Uno scossone che ha ovviamente riguardato in primo luogo il capo politico e vicepremier Salvini, che a meno di ventiquattr'0re dalla decisione del riesame ha sbottato, perdendo un po' di quella lucidità sino ad ora trasudata da ogni suo gesto o parola, a conferma che la situazione sta volta è grave davvero e nessuna retorica può ammorbidirla. «È chiaro che cercano di metterci i bastoni fra le ruote. Quello che sta subendo la Lega è un processo politico senza precedenti. Anzi, sì, uno c'è: è successo qualcosa del genere in Turchia, quando a un partito fu sequestrato tutto il patrimonio prima ancora della condanna». Se la prende con le interferenze della Magistratura Salvini, che si trova a scontare gli errori di una classe dirigente quasi del tutto rottamata dal nuovo corso leghista e che rischia di vedere andare a sbattere contro un muro una macchina quasi perfetta, un "mangia voti" di qua e di là che l'avrebbe, con ogni probabilità, portato a dirigere il primo partito in Italia per consensi.
Se l'idea di un nuovo maxi partito in cui convogliare le intenzioni di tutto il centrodestra, con lo zampino di Berlusconi, non è ancora ufficialmente tramontata, e anzi, dopo questa batosta, più d'uno afferma che possa prepotentemente tornare in auge, Matteo resta rigido e non transige sulla scelta del nome.
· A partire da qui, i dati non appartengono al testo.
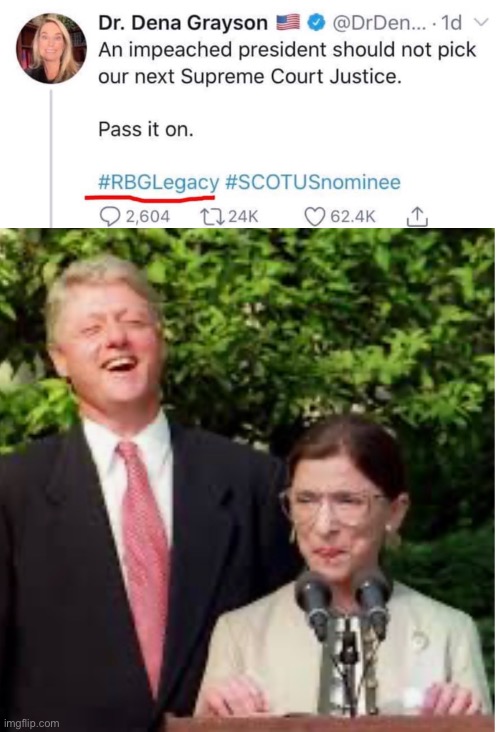 Ain’t they a cute couple | image tagged in ruth bader ginsburg,bill clinton,politics lol,supreme court | made w/ Imgflip meme maker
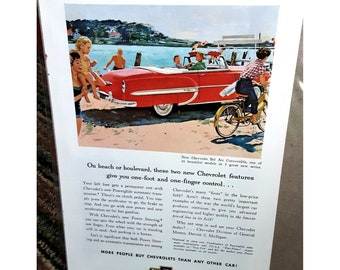 1953 Chevy Bel Air Convertible Print Ad vintage 50s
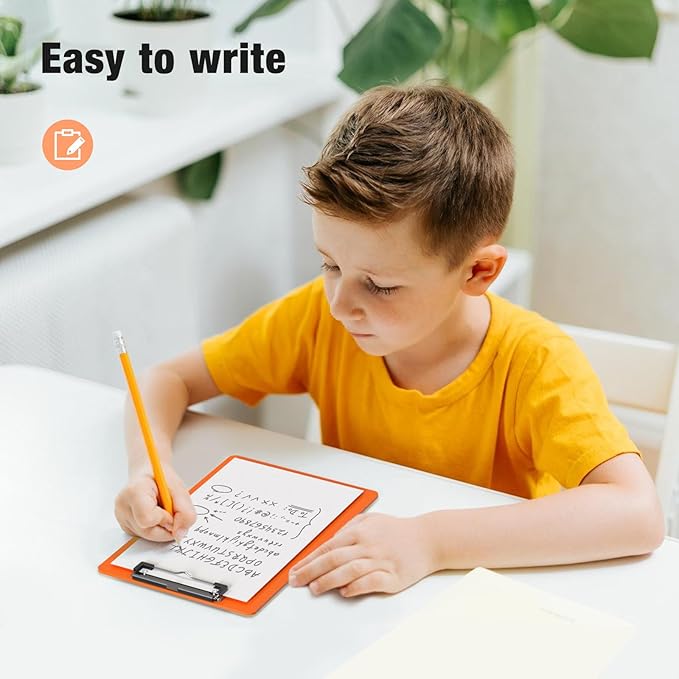 Small Clipboards, A5 Plastic Mini Orange Clip Board for Classroom, Students, Kid, Size 6" x 9" with Low Profile Clip, Office & School Supply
Categorico e ancorato attorno a quella Lega che ha preso al 2%, allo sbaraglio, e ha portato a governare per almeno cento, lunghi, difficili giorni.
Se è arrivata ampia solidarietà dalle parti di Forza Italia e dell'altro alleato Fratelli d'Italia, lo stesso non può dirsi del partner di governo, il Movimento 5 Stelle, trovatosi nella scomoda posizione di non poter rimbrottare le malefatte altrui, in barba al dogma dell'onestà sopra tutto e tutti, vista la delicata situazione del governo in cui le sostanziali differenze con il Carroccio iniziano ad essere molteplici e su diversi fronti (decreto anticorruzione vedasi). Ufficialmente la posizione tenuta da Luigi Di Maio è a metà tra il garantismo, quando dice che «la condanna si riferisce alla Lega di Bossi» e la considerazione di una sentenza «che va rispettata».
A muso duro contro il ministro degli Interni anche il comunicato di Magistratura democratica, l'area di sinistra del Csm, che non ha digerito le accuse di intralcio per fini politici nell'intervento di Salvini e lo attacca parlando di «portata eversiva» delle sue parole contro le toghe.
Incertezza, dubbi e nessun quattrino. È bastata una nuvola, o forse un nuvolone, a portare tempesta dove prima sembrava filare tutto secondo i piani. Chi vivrà vedrà, nel frattempo, dopo cento giorni di governo, la Lega non ha mai avuto tutto questo consenso, seppur senza un euro e con il segretario indagato.